Ext has been under the Ext license since release 1.1. So as long as you are using 1.0.x, you are fine.
On Mon, Mar 31, 2008 at 3:07 PM, David Turner <
novalis@openplans.org> wrote:
On Mon, 2008-03-31 at 15:07 -0400, David Turner wrote:
> The plain LGPL has no field-of-use restriction. The restriction added
> in the Ext license present a few major problems:
>
> 1. The new license is no longer compatible with the plain GPL. The
> plain GPL (any version) does not permit additional restrictions on field
> of use.
>
> 2. The new license would not be considered to be a free software license
> by FSF, nor an open source license by OSI. I can tell you this with
> absolute certainty, since one of my duties when I worked for FSF was
> evaluating licenses.
>
> 3. The new license is confusing.
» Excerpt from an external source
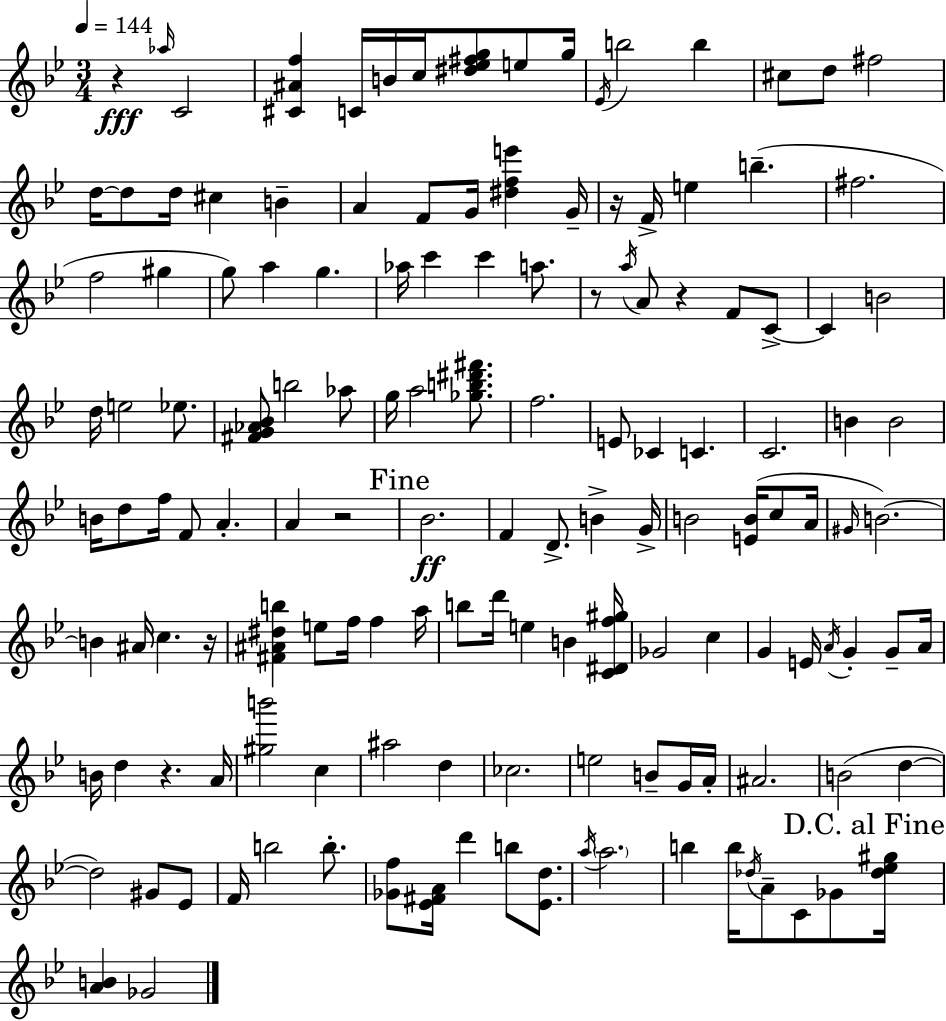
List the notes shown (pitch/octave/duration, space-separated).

R/q Ab5/s C4/h [C#4,A#4,F5]/q C4/s B4/s C5/s [D#5,Eb5,F#5,G5]/e E5/e G5/s Eb4/s B5/h B5/q C#5/e D5/e F#5/h D5/s D5/e D5/s C#5/q B4/q A4/q F4/e G4/s [D#5,F5,E6]/q G4/s R/s F4/s E5/q B5/q. F#5/h. F5/h G#5/q G5/e A5/q G5/q. Ab5/s C6/q C6/q A5/e. R/e A5/s A4/e R/q F4/e C4/e C4/q B4/h D5/s E5/h Eb5/e. [F#4,G4,Ab4,Bb4]/e B5/h Ab5/e G5/s A5/h [Gb5,B5,D#6,F#6]/e. F5/h. E4/e CES4/q C4/q. C4/h. B4/q B4/h B4/s D5/e F5/s F4/e A4/q. A4/q R/h Bb4/h. F4/q D4/e. B4/q G4/s B4/h [E4,B4]/s C5/e A4/s G#4/s B4/h. B4/q A#4/s C5/q. R/s [F#4,A#4,D#5,B5]/q E5/e F5/s F5/q A5/s B5/e D6/s E5/q B4/q [C4,D#4,F5,G#5]/s Gb4/h C5/q G4/q E4/s A4/s G4/q G4/e A4/s B4/s D5/q R/q. A4/s [G#5,B6]/h C5/q A#5/h D5/q CES5/h. E5/h B4/e G4/s A4/s A#4/h. B4/h D5/q D5/h G#4/e Eb4/e F4/s B5/h B5/e. [Gb4,F5]/e [Eb4,F#4,A4]/s D6/q B5/e [Eb4,D5]/e. A5/s A5/h. B5/q B5/s Db5/s A4/e C4/e Gb4/e [Db5,Eb5,G#5]/s [A4,B4]/q Gb4/h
It says it's LGPL, but then gives up
> on many of the most important characteristics of the LGPL.
>
> 4. I have no idea what a "developer toolkit" is.
>
> Unfortunately, under these circumstances, I cannot recommend the use of
> current versions of Ext. I will be recommending that we peg ourselves
> to the latest version of Ext which was available under the plain LGPL.
> This is what
[sorry, accidentally hit send early].
This is what we appear to be using now.